Niedawno gruchnęła plotka, że szkocki brukowiec ma opublikować zdjęcia polskiego bramkarza zażywającego narkotyki. Odpowiedzią Boruca był doskonale widoczny na szyi tatuaż "addicted" - uzależniony...
W ciągu ostatnich dziewięciu miesięcy Artur Boruc zatracił się w życiu prywatnym i zaczął popełniać koszmarne błędy na boisku. Przestał być jednym z najlepszych bramkarzy świata, a po fatalnym występie z Irlandią Północną Leo Beenhakker wyprosił go z reprezentacji Polski.

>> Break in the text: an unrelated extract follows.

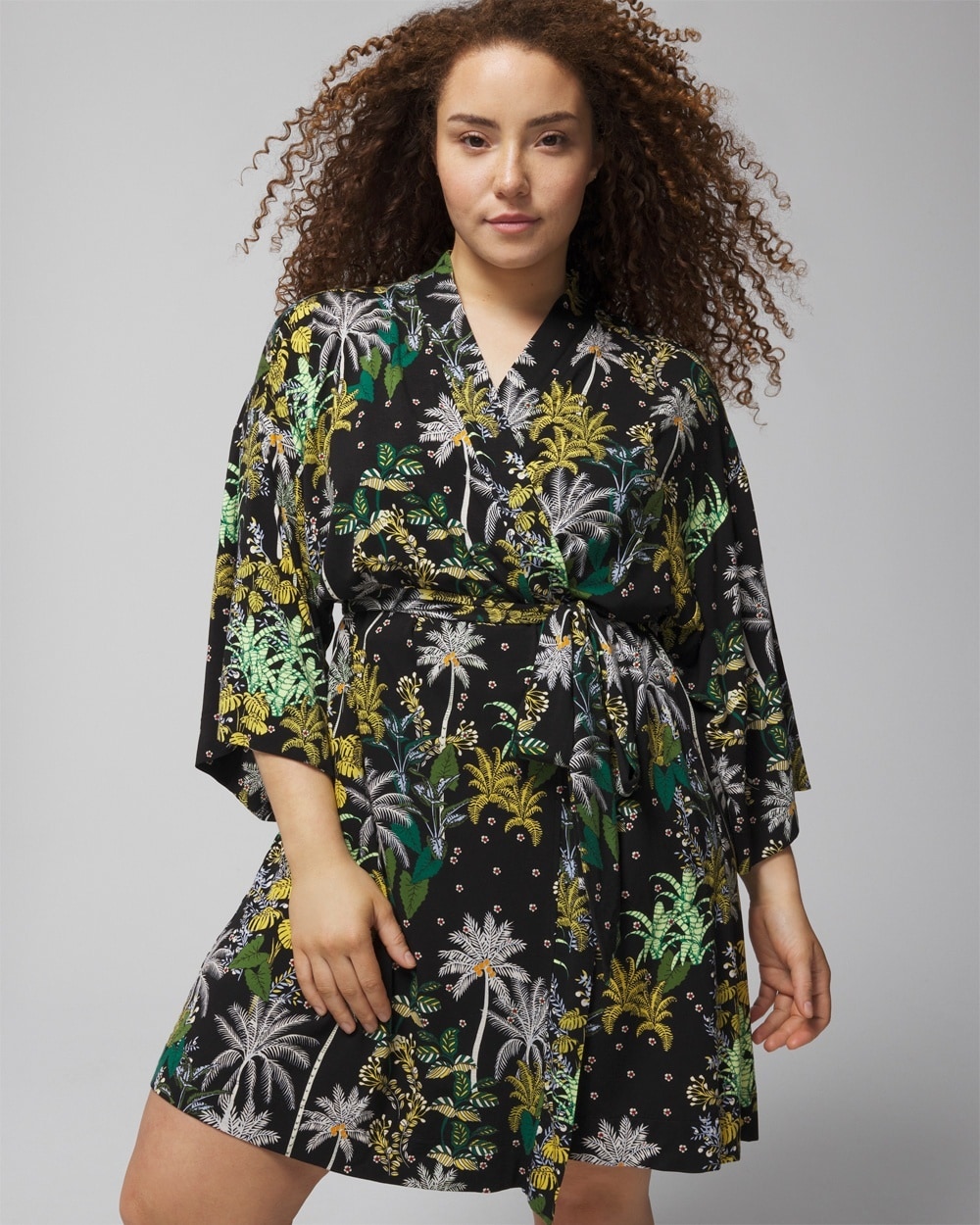 Shop Soma Women's Cool Nights Short Robe In Oasis Palms Black/ws Size 2xl |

Wzruszenie ramionami i machnięcie ręką na pytanie zaniepokojonych jego losem kolegów jest dla Boruca znamienne. Pokazał, że - jak zwykle ostatnio - wszystko i wszystkich ma gdzieś. Czy to jednak prawdziwe oblicze bramkarza, czy raczej poza, którą kiedyś przyjął i za którą kryje się prosty chłopak z Siedlec.
"Co byś robił w życiu, gdybyś nie został piłkarzem? Pił piwo z kolegami w Siedlcach" - z ankiety na internetowej stronie piłkarza.

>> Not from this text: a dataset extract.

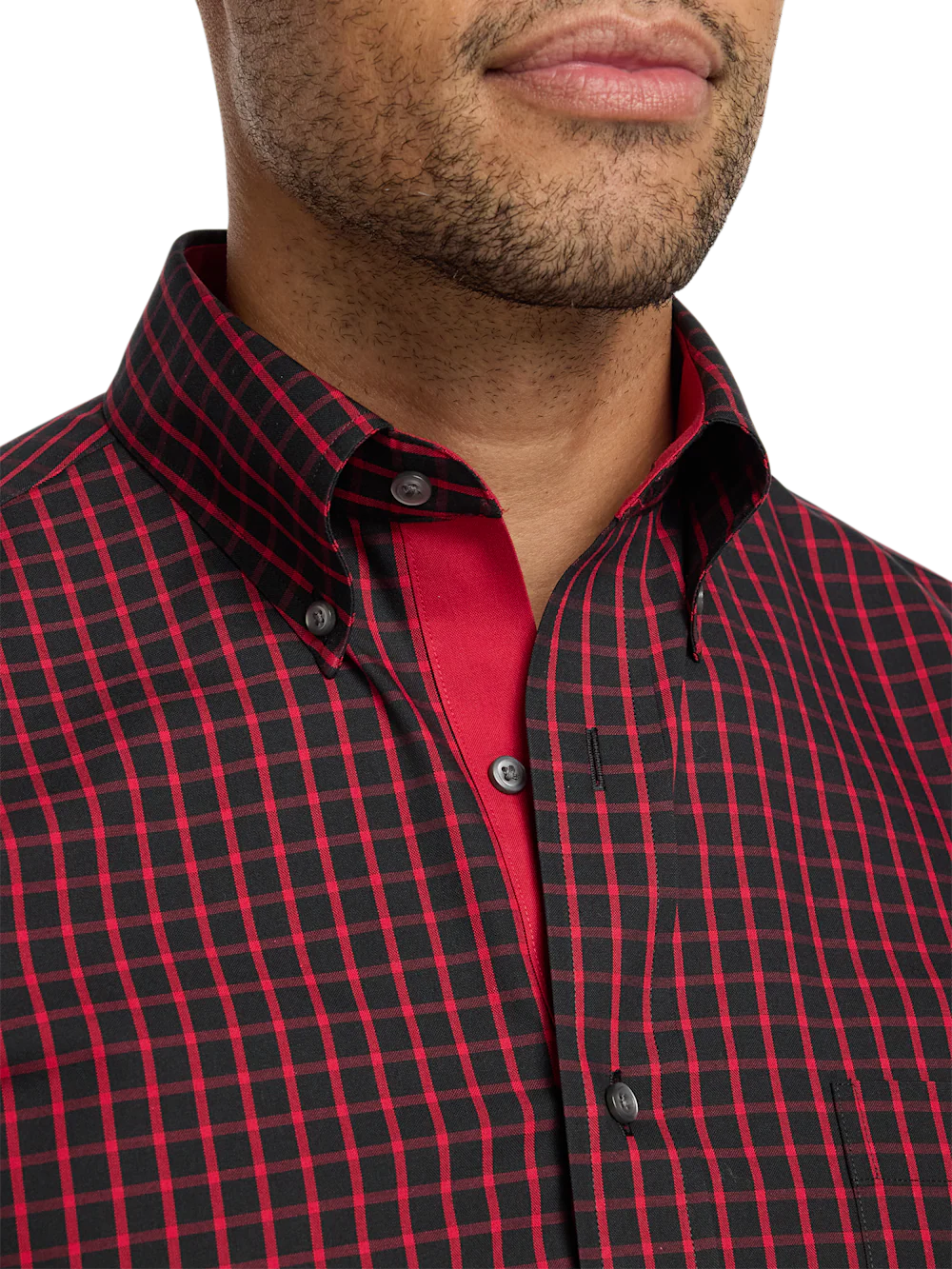 Comfort Stretch Non-Iron Check Dress Shirt With Contrast Trim - Black/red - Image 3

Wydawało się, że Boruc to dziecko szczęścia. Wiosną 2002 roku stanął w bramce Legii, bo kilka dni przed początkiem rundy sprzedano do Rosji Bułgara Radostina Stanewa. Miał wtedy 22 lata.
W 2005 roku wypożyczył go Celtic. Miał być rezerwowym Davida Marshalla, ale nadzieja szkockiego futbolu zawaliła kwalifikacje do Ligi Mistrzów (0:5 z Artmedią Petrżałka) i Boruc wszedł do bramki "The Bhoys". Został w niej legendą klubu i najlepiej opłacanym zawodnikiem ligi szkockiej - zarabia netto 1,2 mln funtów rocznie.
Na mundial do Niemiec pojechał jako numer jeden, bo Paweł Janas nieoczekiwanie zrezygnował w ostatniej chwili z Jerzego Dudka. Tam jako jedyny z polskich piłkarzy nie zawiódł.
U Beenhakkera najpierw bronił Dudek, potem Wojciech Kowalewski. Ale Kowalewski dostał żółte kartki w dwóch kolejnych meczach eliminacyjnych do Euro 2008 i od czwartego spotkania kwalifikacyjnego bronił Boruc. Na Euro znowu był najlepszy z Polaków. Ba, był po Cassillasie i van der Sarze najlepszym bramkarzem mistrzostw. To apogeum jego formy. W czerwcu nikt nie przypuszczał, że również początek końca.
Bramkarze uchodzą za dziwaków, ale Boruc uparcie twierdził, że nie interesuje się piłką, a meczów w ogóle nie ogląda. Piłkarzy innych drużyn nie zna, więc nawet jak czeka go mecz z Barceloną, to on nic powiedzieć nie może. Na pytania o transfer do Milanu czy Bayernu odpowiadał "pomidor".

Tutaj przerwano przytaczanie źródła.